→ **Record set**
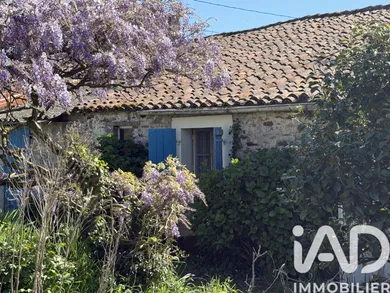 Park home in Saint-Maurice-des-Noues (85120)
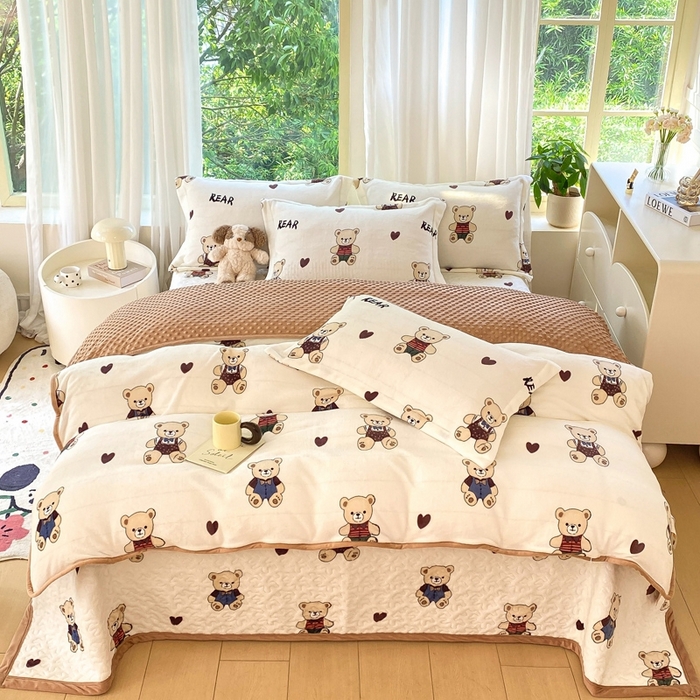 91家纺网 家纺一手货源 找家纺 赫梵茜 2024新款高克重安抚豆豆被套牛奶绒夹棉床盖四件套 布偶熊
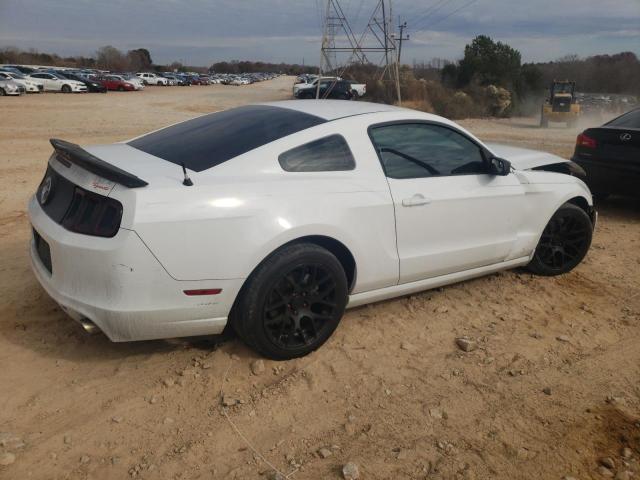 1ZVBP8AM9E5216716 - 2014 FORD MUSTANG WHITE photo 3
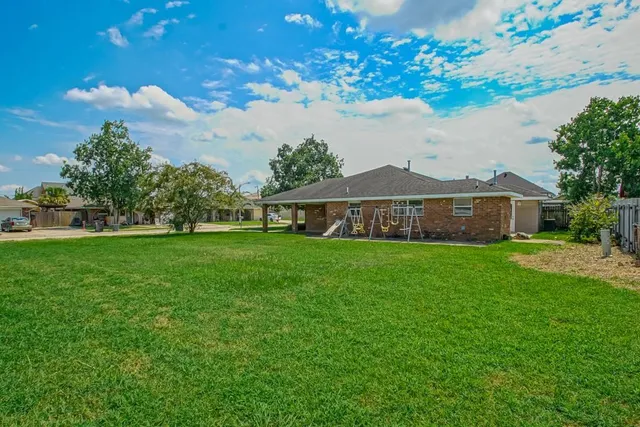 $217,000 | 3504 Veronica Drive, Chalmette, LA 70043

...

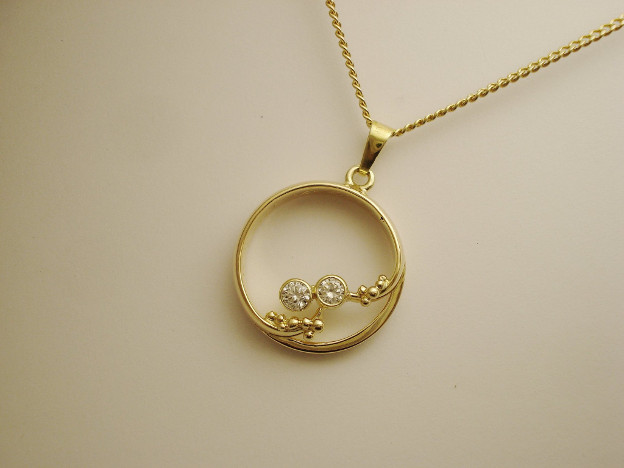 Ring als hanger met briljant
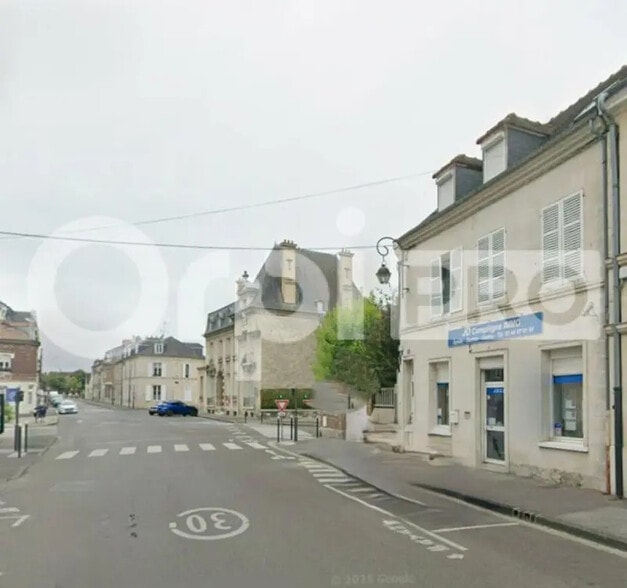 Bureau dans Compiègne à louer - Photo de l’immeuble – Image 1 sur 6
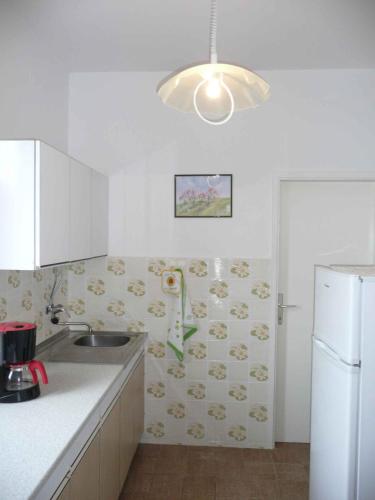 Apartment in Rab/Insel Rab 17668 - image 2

→ **Aim of the exercise**
Copy only these lines from the records above, exactly: the one with "Park home in Saint-Maurice-des-Noues (85120)", the one with "Chalmette, LA 70043", and those between. Skip the pictures.

→ **Solution to this problem**
 Park home in Saint-Maurice-des-Noues (85120)
 91家纺网 家纺一手货源 找家纺 赫梵茜 2024新款高克重安抚豆豆被套牛奶绒夹棉床盖四件套 布偶熊
 1ZVBP8AM9E5216716 - 2014 FORD MUSTANG WHITE photo 3
 $217,000 | 3504 Veronica Drive, Chalmette, LA 70043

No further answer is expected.